As the credit crunch reaches its first year anniversary, Ian Stringer, regional senior director at GVA Grimley, reviews the last 12 months and looks at what lies ahead for the property market.
Call me a bit 'long in the tooth' but experience and plain common sense leads me to believe that trends by their very nature will not continue irrevocably upwards.
Equally, against the background of relentless bad news, one might be forgiven for assuming that current trends will continue irrevocably downwards.
The fact is that property is a market commodity and despite efforts on the part of the Treasury and the Bank of England, markets work in cycles.
12 months ago the UK economy took a marked downward change of direction and we started to hear a set of new phrases.
Many cynically branded the terms ‘credit crunch’ and ‘sub-prime’ confusing and irrelevant, and rather ironically, often capped them off with ‘nothing to do with us in the UK anyway’.
We have learnt quickly that it has everything to do with us, having witnessed a subsequent massive impact on the property sector.
This has been a stark reminder of the experience of the early 1990s.

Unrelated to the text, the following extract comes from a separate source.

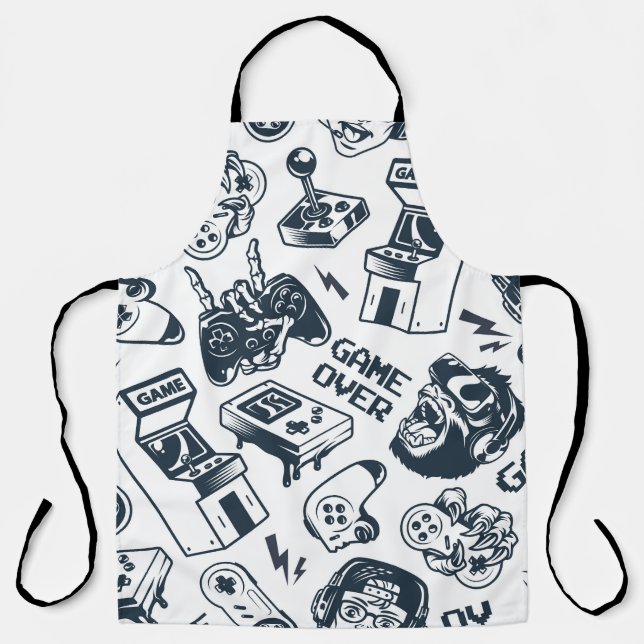 Delantal Patrón vintage de juegos retro. (Anverso)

Market reversals are often sharp and painful when sentiment translates into reality and the two start chasing each other in a downward spiral.
Factually, the initial impact has been largely restricted to the residential market and the commercial investment sectors.

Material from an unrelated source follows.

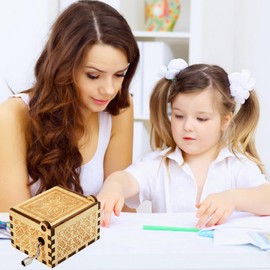 MINGZE Wooden Music Box - Hand Crank Musical Box, A variety of styles Hand Engraved Wooden Music Box, for Home Decoration Crafts Birthday Gift (Beauty and the beast（wood color）)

The House Builders Association expects only 80,000 new homes will be built this year, in comparison to 180,000 in 2007; a prediction echoed by the House Builders Federation’s recent plans to make half of their staff redundant.
This slowdown has had a corresponding effect on residential land values which have fallen by up to 20% in the first half of the year.
In the investment sector, the volume of transactions has not been so low for such a prolonged period for a generation.
This is partly a result of a lack of finance, although banks continue to voice that they are open for business.
Current speculation is that quarterly valuations undertaken in September and subsequently assessed by IPD (Investment Property Database) will show falls in investment values in excess of 20%, and possibly as much as 25%, over the last 12 months.
For a good nine months of the ‘crunch period’, occupational markets have generally held up well with demand steady in most sectors.
The hotel sector remained buoyant with retail and leisure probably suffering more than most at this stage in the cycle.
Conversely, and somewhat ironically, Birmingham is likely to see the highest ever level of annual take-up in the offices sector in 2008, with major deals to Wragge & Co (215,000 sq ft), Barclays (98,000 sq ft) and Deutchse Bank (68,000 sq ft) already confirmed this year.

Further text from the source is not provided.